SYRACUSE, N.Y. — Here’s an early round-up of some of the winners and losers in the $156 billion New York state budget, which lawmakers debated through Thursday night and are still voting on Friday morning.
(This assumes the budget bills all pass, which is usually a safe assumption.)
1. Restaurants, retail shops, and other businesses employing minimum wage or low-wage workers. The gradual hike in the minimum wage to $15 an hour means that for every full-time employee currently earning the $9 an hour minimum wage, it will cost a business an extra $12,480 a year in salary once the $15 rate is reached.
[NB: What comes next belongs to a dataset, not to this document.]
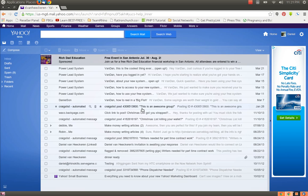Hello and welcome again team. This tutorial is how to create an email signature in Yahoo.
2. Senate Republicans. They were vehement in their opposition to Cuomo’s $15 an hour minimum wage proposal. But in the end, the Senate reluctantly agreed to pass the minimum wage hike, albeit after negotiating some tweaks. Business organizations immediately criticized the wage hike. Republican senators won some other budget battles. But given the wage hike, will conservative voters and the businesses that contribute to Republican senators’ campaigns vigorously support them in November, when all 63 Senate seats are up for election and the Senate majority is at stake?
3. Good government groups. Despite the conviction of the Senate and Assembly’s top leaders, former Majority Leader Dean Skelos and Speaker Sheldon Silver, on public corruption crimes, lawmakers did not pass in the budget a single ethics reform proposed by good government groups. The governor and Legislature leaders did not include ethics reforms in the budget deal they made. The Democratic-controlled Assembly wouldn’t even support a bill that would strip Skelos, Silver and other convicted public officials of their state pensions. I guess taxpayers are losers then, too.
4. Democracy. The three men in a room – Gov. Andrew Cuomo, Senate Majority Leader John Flanagan and Assembly Speaker Carl Heastie – negotiated the budget deal behind closed doors. Then through the night, lawmakers debated and voted on budget bills that commit New York to spending $156 billion without having time to read the bills or hold public hearings, and without voters having a chance to weigh in.
1. Middle income taxpayers. You’ll have to wait until 2018, but the budget includes annual income tax cuts beginning that year for joint filers with income under $300,000. The Senate Republicans can claim credit for that.
2. Minimum wage workers. They’ll get a series of raises until they hit $15 an hour. That will happen by Dec. 31, 2018 in New York City (except at businesses 10 or fewer workers), but it will take longer in Upstate to reach $15.
3. Unions, especially those representing low-wage workers. The unions were Gov. Andrew Cuomo’s ally in his campaign to raise New York’s minimum wage to $15 an hour, which will be tied for the highest in the country. Remember all that talk about unions losing their power?
4. SUNY students, at least for now. The Legislature balked at approving the SUNY 2020 plan, which would have allowed the state’s public colleges and universities to continue to raise tuition up to $300 per year for another five years. So tuition will not increase this year. But SUNY students could eventually find themselves facing bigger less frequent tuition increases.
5. Teachers and kids. The budget provides a record amount of school funding, $24.6 billion, for the state’s more than 700 school districts. The $1.5 billion increase over last year was very close to what the Republican-controlled Senate proposed. The Senate was also successful in eliminating the Gap Elimination Adjustment, which hit suburban and rural districts the hardest.
6. Construction companies and workers in hard hats. The budget includes over $55 billion of transportation capital projects statewide, including $27.14 billion for state Department of Transportation and Thruway programs in Upstate and $27.98 billion for Metropolitan Transportation Authority programs in the New York City area.
7. Gov. Andrew Cuomo. He made the $15 minimum wage and paid family leave his biggest budget priorities. And he got both included in the budget deal, along with a middle class tax cut that he didn’t propose but can now claim credit for. Although California lawmakers passed their state’s $15 an hour minimum wage a day before New York lawmakers, Cuomo can still declare himself at the forefront of the #FightFor15. And while Cuomo championed liberal issues, he kept the increase in state government operational spending at 2 percent.